Christ the King, often referred to as CtK, is a Catholic secondary school in Georgetown, Ontario, Canada. The school was established and began classes in September 2002. Its students are required to wear school uniforms. The school competes in the Golden Horseshoe Halton Sports Division, and their teams are known as the Jaguars. The Jaguars developed a rivalry with the Georgetown District High School 87's (GDHS). CtK began specialist high skills major programs in the arts, physical education and information technology in 2009.

==Facilities==
Christ the King features:
- Vocal and instrumental Music rooms
- Dance studio
- Dramatic Arts Studio
- A 350-seat theatre
- Weight room
- Artificial turf field and track
- Three connected gymnasiums
- Food & nutrition room
- Cosmetology Lab
- Automotive Shop
- Construction Technology
- Advanced Placement (AP) classes

==Arts program==
Christ the King as a secondary school is known for its arts program, starting its Specialist High Skills Major Arts Program in 2009. Classes include visual, musical (vocal & instrumental), dramatic arts (including dance), as well as musical theatre. Christ the King has also put on a number of theatrical productions. In more recent years CtK has chosen musicals such as Annie, Grease, and Little Shop rather than plays.

| Year | Musical |
|---|---|
| 2004 | Joseph and the Amazing Technicolor Dreamcoat |
| 2005 | You're a Good Man, Charlie Brown |
| 2006 | Grease |
| 2007 | Seussical |
| 2008 | Footloose |
| 2009 | N/A |
| 2010 | Annie |
| 2011 | Little Shop of Horrors |
| 2012 | Beauty and the Beast |
| 2013 | 13 |
| 2014 | N/A |
| 2015 | Grease |
| 2016 | Godspell |
| 2017 | Into the Woods |
| 2018 | The Sound of Music |
| 2019 | All Shook Up |
| 2020 | N/A |
| 2021 | N/A |
| 2022 | High School Musical: On Stage |
| 2023 | We Will Rock You |
| 2024 | Mean Girls |
| 2025 | N/A |
| 2026 | Freaky Friday |

The Irene McCauley Theatre for the Performing Arts

The Irene McCauley Theatre is where CtK's theatrical productions are held.
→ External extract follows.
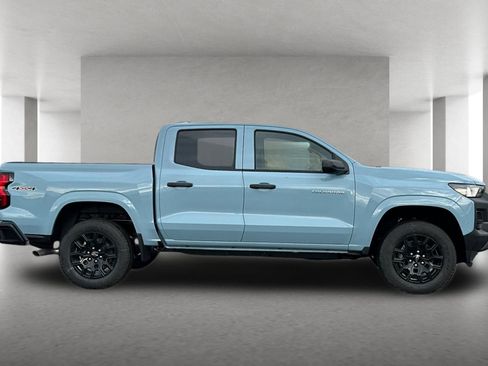 Used 2026 Chevrolet Colorado W/T w/ WT Custom Package AWD/4WD image 3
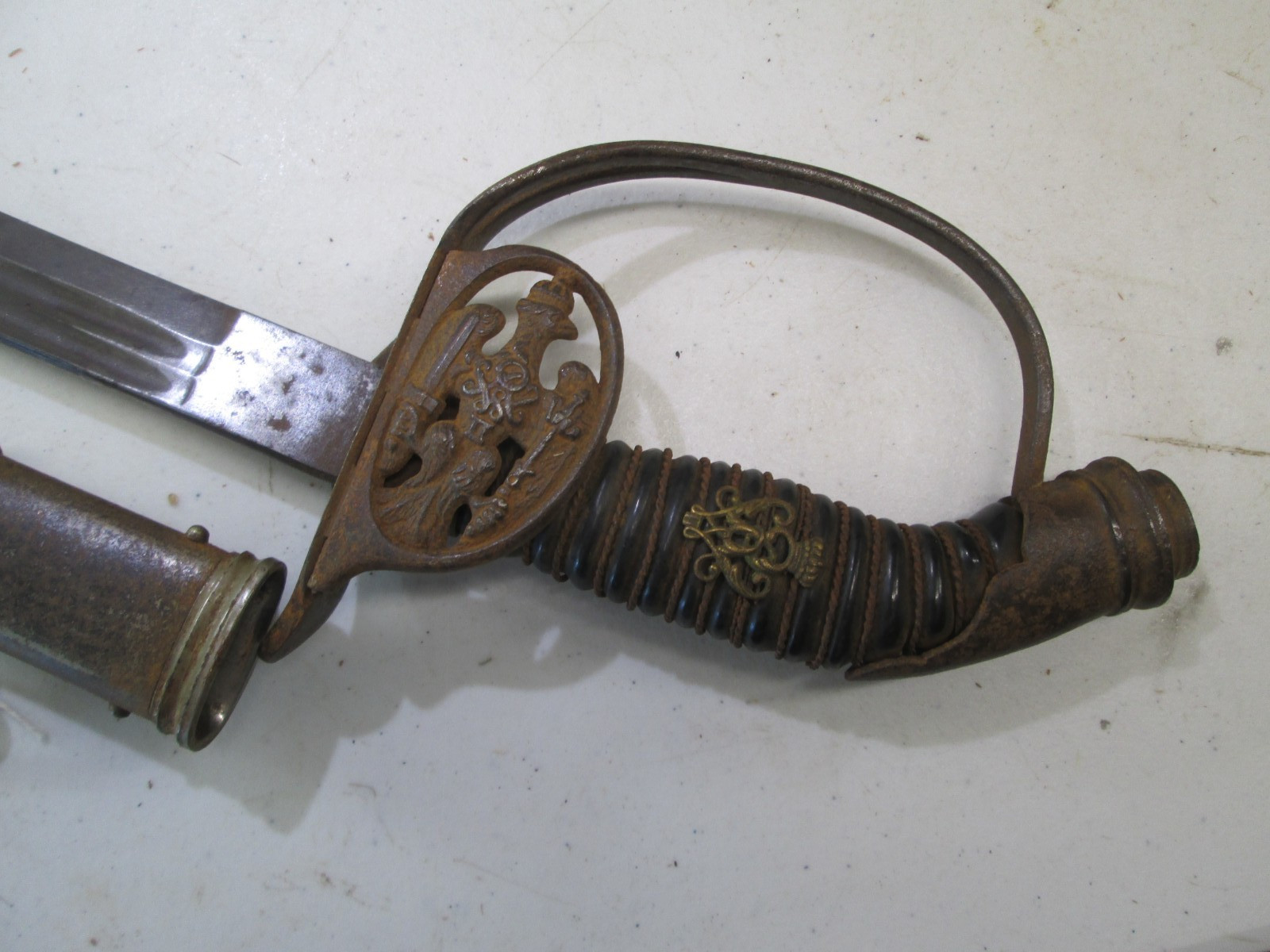 WWI GERMAN PRUSSIAN OFFICERS SWORD & SCABBARD FOLDING GUARD MAKER EICKHORN #Y54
Christ the King was built with a live performance theatre consisting of approximately 350 seats, although seats can be removed or added to meet a productions' needs. In 2007, the theatre's name was changed in honour of Irene McCauley, a former trustee of the Halton Catholic District School Board, at which she worked for 26 years.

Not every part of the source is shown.